(Source data)
------

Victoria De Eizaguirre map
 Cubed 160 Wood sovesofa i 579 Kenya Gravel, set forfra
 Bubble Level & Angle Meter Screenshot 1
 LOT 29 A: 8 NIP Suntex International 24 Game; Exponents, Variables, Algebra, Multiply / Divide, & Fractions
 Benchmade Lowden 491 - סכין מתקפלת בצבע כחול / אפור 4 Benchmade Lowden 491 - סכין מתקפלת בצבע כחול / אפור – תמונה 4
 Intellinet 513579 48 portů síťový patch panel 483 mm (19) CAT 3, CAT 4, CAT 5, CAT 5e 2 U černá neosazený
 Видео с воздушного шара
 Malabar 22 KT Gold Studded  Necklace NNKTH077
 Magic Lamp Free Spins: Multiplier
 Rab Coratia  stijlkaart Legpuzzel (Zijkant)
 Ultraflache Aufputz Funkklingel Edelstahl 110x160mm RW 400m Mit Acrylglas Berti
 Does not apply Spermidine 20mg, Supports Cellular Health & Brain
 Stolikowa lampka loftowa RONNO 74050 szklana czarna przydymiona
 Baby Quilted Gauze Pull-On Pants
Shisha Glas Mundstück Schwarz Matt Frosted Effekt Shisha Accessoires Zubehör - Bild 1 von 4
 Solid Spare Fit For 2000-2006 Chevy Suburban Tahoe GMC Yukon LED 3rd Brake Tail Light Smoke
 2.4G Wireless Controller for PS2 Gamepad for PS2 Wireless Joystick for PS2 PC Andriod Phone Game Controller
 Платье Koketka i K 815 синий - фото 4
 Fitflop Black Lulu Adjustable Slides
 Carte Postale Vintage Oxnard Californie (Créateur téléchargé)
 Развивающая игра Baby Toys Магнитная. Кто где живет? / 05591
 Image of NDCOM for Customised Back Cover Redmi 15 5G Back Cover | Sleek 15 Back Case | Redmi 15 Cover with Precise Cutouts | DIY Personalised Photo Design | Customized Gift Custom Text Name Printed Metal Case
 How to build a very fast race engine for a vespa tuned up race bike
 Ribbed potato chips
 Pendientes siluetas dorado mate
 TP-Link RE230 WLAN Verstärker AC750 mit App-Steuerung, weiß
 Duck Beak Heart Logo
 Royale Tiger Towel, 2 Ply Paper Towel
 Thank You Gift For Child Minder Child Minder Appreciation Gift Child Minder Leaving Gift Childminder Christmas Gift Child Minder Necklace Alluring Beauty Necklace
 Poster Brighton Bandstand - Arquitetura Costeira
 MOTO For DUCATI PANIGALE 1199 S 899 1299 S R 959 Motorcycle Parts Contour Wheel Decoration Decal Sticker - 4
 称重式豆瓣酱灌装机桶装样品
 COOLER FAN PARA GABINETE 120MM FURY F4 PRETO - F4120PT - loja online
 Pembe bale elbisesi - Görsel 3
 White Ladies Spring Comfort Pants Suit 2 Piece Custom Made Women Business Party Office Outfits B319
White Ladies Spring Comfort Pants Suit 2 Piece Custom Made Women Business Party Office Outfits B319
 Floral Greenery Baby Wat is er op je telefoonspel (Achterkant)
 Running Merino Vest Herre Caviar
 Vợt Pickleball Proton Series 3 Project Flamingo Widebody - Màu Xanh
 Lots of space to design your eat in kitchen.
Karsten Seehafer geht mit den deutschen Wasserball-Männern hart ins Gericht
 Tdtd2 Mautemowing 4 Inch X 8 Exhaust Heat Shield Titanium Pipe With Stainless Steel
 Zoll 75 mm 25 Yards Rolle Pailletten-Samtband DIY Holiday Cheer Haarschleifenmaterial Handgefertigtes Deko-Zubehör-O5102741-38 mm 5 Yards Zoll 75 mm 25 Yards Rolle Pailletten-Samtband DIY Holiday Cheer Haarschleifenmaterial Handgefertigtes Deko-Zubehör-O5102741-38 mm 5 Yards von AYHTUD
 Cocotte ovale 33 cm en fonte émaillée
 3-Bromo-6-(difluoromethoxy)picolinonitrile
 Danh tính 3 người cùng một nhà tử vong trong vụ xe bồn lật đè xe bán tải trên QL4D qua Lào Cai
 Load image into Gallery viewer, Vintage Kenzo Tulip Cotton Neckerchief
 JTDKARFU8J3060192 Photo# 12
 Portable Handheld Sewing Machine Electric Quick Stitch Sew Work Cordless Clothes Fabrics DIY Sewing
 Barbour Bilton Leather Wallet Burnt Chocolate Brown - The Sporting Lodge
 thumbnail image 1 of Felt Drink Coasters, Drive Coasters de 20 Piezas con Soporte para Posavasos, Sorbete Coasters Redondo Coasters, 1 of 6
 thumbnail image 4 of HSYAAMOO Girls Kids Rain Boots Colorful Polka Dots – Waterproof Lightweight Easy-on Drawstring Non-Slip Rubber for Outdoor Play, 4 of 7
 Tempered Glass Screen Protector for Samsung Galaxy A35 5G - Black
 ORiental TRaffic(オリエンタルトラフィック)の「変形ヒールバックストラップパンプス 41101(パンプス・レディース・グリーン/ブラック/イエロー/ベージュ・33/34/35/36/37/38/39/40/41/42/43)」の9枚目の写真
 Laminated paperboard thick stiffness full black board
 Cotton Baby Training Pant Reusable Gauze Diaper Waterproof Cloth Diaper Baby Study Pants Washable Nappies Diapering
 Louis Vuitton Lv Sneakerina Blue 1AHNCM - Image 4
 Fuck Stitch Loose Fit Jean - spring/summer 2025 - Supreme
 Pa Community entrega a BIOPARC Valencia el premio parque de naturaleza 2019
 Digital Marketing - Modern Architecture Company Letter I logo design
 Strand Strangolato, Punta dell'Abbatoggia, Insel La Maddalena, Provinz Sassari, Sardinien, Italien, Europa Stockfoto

------

• **Task objective**
Every line of the data above is to be copied out exactly.

• **Expected answer**
Victoria De Eizaguirre map
 Cubed 160 Wood sovesofa i 579 Kenya Gravel, set forfra
 Bubble Level & Angle Meter Screenshot 1
 LOT 29 A: 8 NIP Suntex International 24 Game; Exponents, Variables, Algebra, Multiply / Divide, & Fractions
 Benchmade Lowden 491 - סכין מתקפלת בצבע כחול / אפור 4 Benchmade Lowden 491 - סכין מתקפלת בצבע כחול / אפור – תמונה 4
 Intellinet 513579 48 portů síťový patch panel 483 mm (19) CAT 3, CAT 4, CAT 5, CAT 5e 2 U černá neosazený
 Видео с воздушного шара
 Malabar 22 KT Gold Studded  Necklace NNKTH077
 Magic Lamp Free Spins: Multiplier
 Rab Coratia  stijlkaart Legpuzzel (Zijkant)
 Ultraflache Aufputz Funkklingel Edelstahl 110x160mm RW 400m Mit Acrylglas Berti
 Does not apply Spermidine 20mg, Supports Cellular Health & Brain
 Stolikowa lampka loftowa RONNO 74050 szklana czarna przydymiona
 Baby Quilted Gauze Pull-On Pants
Shisha Glas Mundstück Schwarz Matt Frosted Effekt Shisha Accessoires Zubehör - Bild 1 von 4
 Solid Spare Fit For 2000-2006 Chevy Suburban Tahoe GMC Yukon LED 3rd Brake Tail Light Smoke
 2.4G Wireless Controller for PS2 Gamepad for PS2 Wireless Joystick for PS2 PC Andriod Phone Game Controller
 Платье Koketka i K 815 синий - фото 4
 Fitflop Black Lulu Adjustable Slides
 Carte Postale Vintage Oxnard Californie (Créateur téléchargé)
 Развивающая игра Baby Toys Магнитная. Кто где живет? / 05591
 Image of NDCOM for Customised Back Cover Redmi 15 5G Back Cover | Sleek 15 Back Case | Redmi 15 Cover with Precise Cutouts | DIY Personalised Photo Design | Customized Gift Custom Text Name Printed Metal Case
 How to build a very fast race engine for a vespa tuned up race bike
 Ribbed potato chips
 Pendientes siluetas dorado mate
 TP-Link RE230 WLAN Verstärker AC750 mit App-Steuerung, weiß
 Duck Beak Heart Logo
 Royale Tiger Towel, 2 Ply Paper Towel
 Thank You Gift For Child Minder Child Minder Appreciation Gift Child Minder Leaving Gift Childminder Christmas Gift Child Minder Necklace Alluring Beauty Necklace
 Poster Brighton Bandstand - Arquitetura Costeira
 MOTO For DUCATI PANIGALE 1199 S 899 1299 S R 959 Motorcycle Parts Contour Wheel Decoration Decal Sticker - 4
 称重式豆瓣酱灌装机桶装样品
 COOLER FAN PARA GABINETE 120MM FURY F4 PRETO - F4120PT - loja online
 Pembe bale elbisesi - Görsel 3
 White Ladies Spring Comfort Pants Suit 2 Piece Custom Made Women Business Party Office Outfits B319
White Ladies Spring Comfort Pants Suit 2 Piece Custom Made Women Business Party Office Outfits B319
 Floral Greenery Baby Wat is er op je telefoonspel (Achterkant)
 Running Merino Vest Herre Caviar
 Vợt Pickleball Proton Series 3 Project Flamingo Widebody - Màu Xanh
 Lots of space to design your eat in kitchen.
Karsten Seehafer geht mit den deutschen Wasserball-Männern hart ins Gericht
 Tdtd2 Mautemowing 4 Inch X 8 Exhaust Heat Shield Titanium Pipe With Stainless Steel
 Zoll 75 mm 25 Yards Rolle Pailletten-Samtband DIY Holiday Cheer Haarschleifenmaterial Handgefertigtes Deko-Zubehör-O5102741-38 mm 5 Yards Zoll 75 mm 25 Yards Rolle Pailletten-Samtband DIY Holiday Cheer Haarschleifenmaterial Handgefertigtes Deko-Zubehör-O5102741-38 mm 5 Yards von AYHTUD
 Cocotte ovale 33 cm en fonte émaillée
 3-Bromo-6-(difluoromethoxy)picolinonitrile
 Danh tính 3 người cùng một nhà tử vong trong vụ xe bồn lật đè xe bán tải trên QL4D qua Lào Cai
 Load image into Gallery viewer, Vintage Kenzo Tulip Cotton Neckerchief
 JTDKARFU8J3060192 Photo# 12
 Portable Handheld Sewing Machine Electric Quick Stitch Sew Work Cordless Clothes Fabrics DIY Sewing
 Barbour Bilton Leather Wallet Burnt Chocolate Brown - The Sporting Lodge
 thumbnail image 1 of Felt Drink Coasters, Drive Coasters de 20 Piezas con Soporte para Posavasos, Sorbete Coasters Redondo Coasters, 1 of 6
 thumbnail image 4 of HSYAAMOO Girls Kids Rain Boots Colorful Polka Dots – Waterproof Lightweight Easy-on Drawstring Non-Slip Rubber for Outdoor Play, 4 of 7
 Tempered Glass Screen Protector for Samsung Galaxy A35 5G - Black
 ORiental TRaffic(オリエンタルトラフィック)の「変形ヒールバックストラップパンプス 41101(パンプス・レディース・グリーン/ブラック/イエロー/ベージュ・33/34/35/36/37/38/39/40/41/42/43)」の9枚目の写真
 Laminated paperboard thick stiffness full black board
 Cotton Baby Training Pant Reusable Gauze Diaper Waterproof Cloth Diaper Baby Study Pants Washable Nappies Diapering
 Louis Vuitton Lv Sneakerina Blue 1AHNCM - Image 4
 Fuck Stitch Loose Fit Jean - spring/summer 2025 - Supreme
 Pa Community entrega a BIOPARC Valencia el premio parque de naturaleza 2019
 Digital Marketing - Modern Architecture Company Letter I logo design
 Strand Strangolato, Punta dell'Abbatoggia, Insel La Maddalena, Provinz Sassari, Sardinien, Italien, Europa Stockfoto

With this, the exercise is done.